**WHAT TO WORK ON**:
Within the records below is a range that opens at the line with "Mock Tartufo Ravioli" and closes at the line with "MA license plate 288XQ9". Return that range word for word, both ends included, and only that range.

Short descriptive text snippets

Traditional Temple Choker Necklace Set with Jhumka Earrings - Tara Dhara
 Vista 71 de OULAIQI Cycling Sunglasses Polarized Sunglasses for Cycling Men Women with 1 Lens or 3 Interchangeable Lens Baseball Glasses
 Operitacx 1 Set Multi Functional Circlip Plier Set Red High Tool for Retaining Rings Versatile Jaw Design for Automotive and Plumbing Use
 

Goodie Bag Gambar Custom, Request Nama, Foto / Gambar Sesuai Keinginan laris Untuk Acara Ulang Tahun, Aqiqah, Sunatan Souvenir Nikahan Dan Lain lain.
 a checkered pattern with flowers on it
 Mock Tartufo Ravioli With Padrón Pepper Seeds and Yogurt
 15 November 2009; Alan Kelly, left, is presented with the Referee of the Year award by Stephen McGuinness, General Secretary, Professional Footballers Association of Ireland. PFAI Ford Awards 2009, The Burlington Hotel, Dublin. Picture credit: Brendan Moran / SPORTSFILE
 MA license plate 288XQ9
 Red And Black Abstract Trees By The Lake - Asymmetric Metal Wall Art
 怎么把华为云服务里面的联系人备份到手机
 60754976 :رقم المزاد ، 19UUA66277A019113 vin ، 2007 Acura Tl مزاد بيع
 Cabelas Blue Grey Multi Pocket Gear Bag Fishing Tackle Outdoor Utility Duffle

**RESULT OF THE EXERCISE**:
 Mock Tartufo Ravioli With Padrón Pepper Seeds and Yogurt
 15 November 2009; Alan Kelly, left, is presented with the Referee of the Year award by Stephen McGuinness, General Secretary, Professional Footballers Association of Ireland. PFAI Ford Awards 2009, The Burlington Hotel, Dublin. Picture credit: Brendan Moran / SPORTSFILE
 MA license plate 288XQ9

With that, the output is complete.